→ Web page caption snippets:
*** Block opens ***

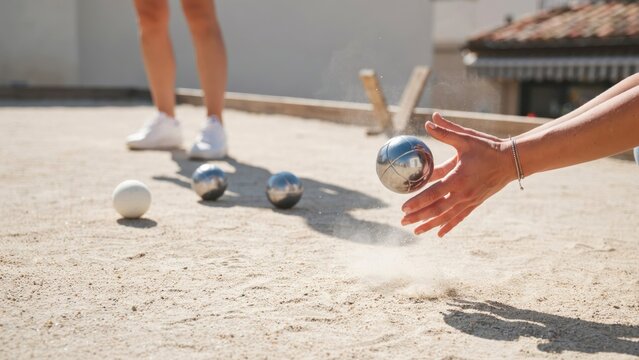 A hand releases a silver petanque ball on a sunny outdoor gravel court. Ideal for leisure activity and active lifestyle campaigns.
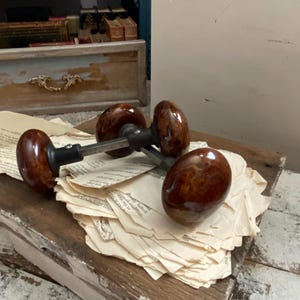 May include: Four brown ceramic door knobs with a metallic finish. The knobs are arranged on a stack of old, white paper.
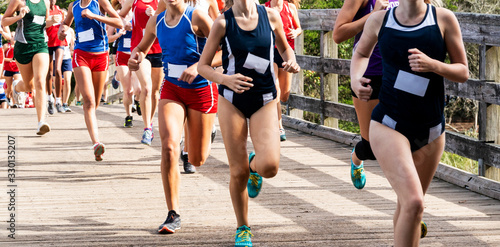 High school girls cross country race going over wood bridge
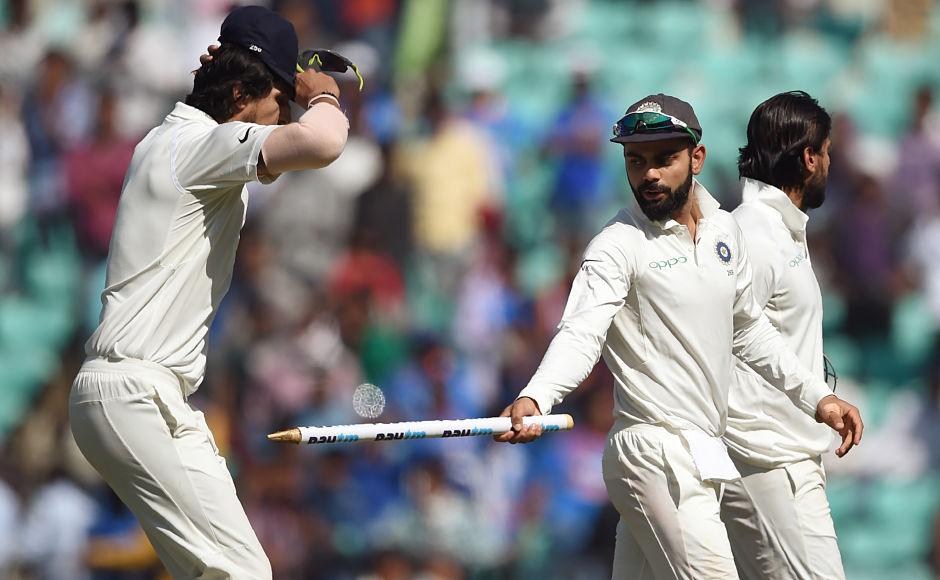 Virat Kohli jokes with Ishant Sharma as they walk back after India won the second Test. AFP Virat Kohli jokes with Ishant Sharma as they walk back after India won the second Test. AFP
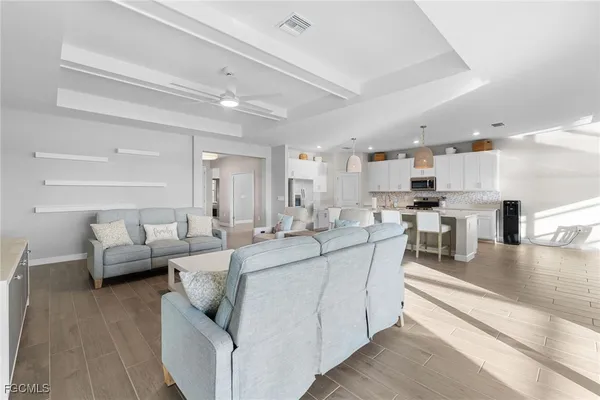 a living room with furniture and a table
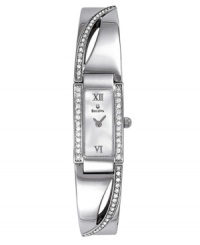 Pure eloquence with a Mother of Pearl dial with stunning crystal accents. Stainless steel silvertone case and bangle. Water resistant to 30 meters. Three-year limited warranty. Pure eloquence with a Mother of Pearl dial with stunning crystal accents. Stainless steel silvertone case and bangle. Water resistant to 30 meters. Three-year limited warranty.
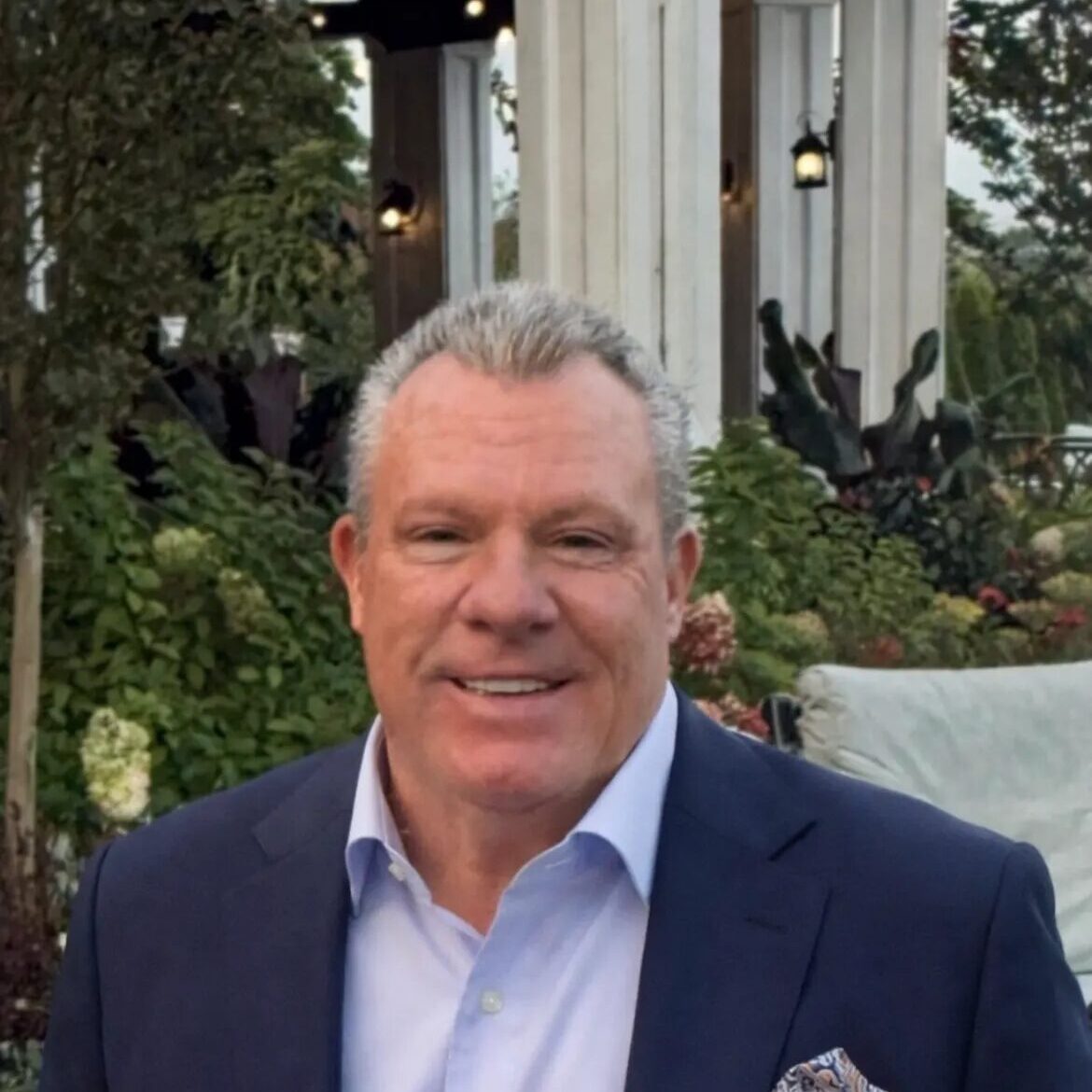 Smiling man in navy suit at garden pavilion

*** Block closes ***
*** Block opens ***

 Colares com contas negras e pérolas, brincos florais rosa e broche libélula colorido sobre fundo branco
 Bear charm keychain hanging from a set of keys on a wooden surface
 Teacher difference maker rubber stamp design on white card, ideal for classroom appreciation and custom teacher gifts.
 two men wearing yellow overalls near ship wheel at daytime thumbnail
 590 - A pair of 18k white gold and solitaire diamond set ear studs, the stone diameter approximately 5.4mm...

*** Block closes ***

→ Requirement:
Please give an exact copy of the lines above, beginning with the line containing "Bear charm keychain" and running through the line containing "590 - A pair", and of no other lines.

→ Solution for this exercise:
 Bear charm keychain hanging from a set of keys on a wooden surface
 Teacher difference maker rubber stamp design on white card, ideal for classroom appreciation and custom teacher gifts.
 two men wearing yellow overalls near ship wheel at daytime thumbnail
 590 - A pair of 18k white gold and solitaire diamond set ear studs, the stone diameter approximately 5.4mm...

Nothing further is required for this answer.